The levels of stress experienced by emergency call handlers is damaging to their long term health, according to a pioneering study by UK researchers.
They noted that past research on how stress affected healthcare workers was largely focused on frontline staff. But they said little was previously known on the impact on call handlers who made the critical decisions in assessing what type of emergency response was required.
“The stress that they experience when responding to such calls should not be overlooked”
The new study involved researchers from the University of Surrey, University of Dundee, Anglia Ruskin University and Kingston University/St George’s, University of London.
Examining 16 studies from across the world, the researchers identified key factors that caused operatives stress and potentially impacted on their psychological health. Exposure to traumatic and abusive calls was found to negatively affect call handlers in the study, published in the journal PeerJ.
While they were not physically exposed to emergency situations, evidence demonstrated they experienced trauma vicariously, said the study authors. In one study, participants reported experiencing fear, helplessness or horror in reaction to 32% of the different types of calls that they received.
The study authors found the key stressor for call handlers was a lack of control over their workload, due to the unpredictability of calls and a lack of recognition of the demands of their assignments.
They noted another study had reported that ambulance call handlers felt out of control of their workload after returning from breaks, leading to staff not taking them and risking exhaustion.
“Staff are at risk of burnout, due to high workload, inadequate training and a lack of control”
A lack of high quality training in dealing with pressurised calls was identified by some handlers as contributing to stress levels, added the researchers.

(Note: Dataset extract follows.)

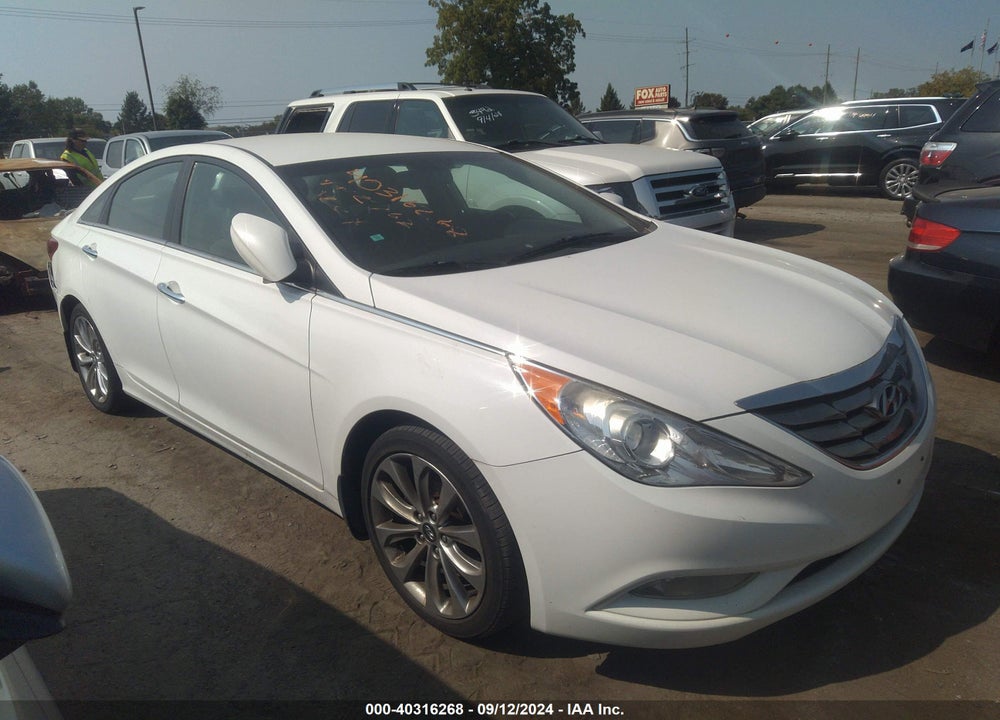 2013 HYUNDAI SONATA SE VIN: 5NPEC4AC6DH782763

Study co-author Professor Mark Cropley, from Surrey University, said: “Call handlers across different emergency services consistently reported their job as highly stressful, which in turn affects their psychological health.
“This undoubtedly impacts on their overall wellbeing, leading to increased sickness and time away from work, putting additional strain on the service and their colleagues,” he said.
“Although handlers are not experiencing trauma first-hand, the stress that they experience when responding to such calls should not be overlooked,” said Professor Cropley.
Co-author Professor Patricia Schofield, of Anglia Ruskin University, added: “Call handlers are the frontline of emergency care but are often overlooked when it comes to studies about stress affecting the police, fire and ambulance services.
“This study finds evidence that staff are at risk of burnout, due to high workload, inadequate training and a lack of control,” she said.
“It’s important that these staff are considered and interventions made to ensure that they can cope with their workload - these people make vital decisions which affect lives,” said Professor Schofield.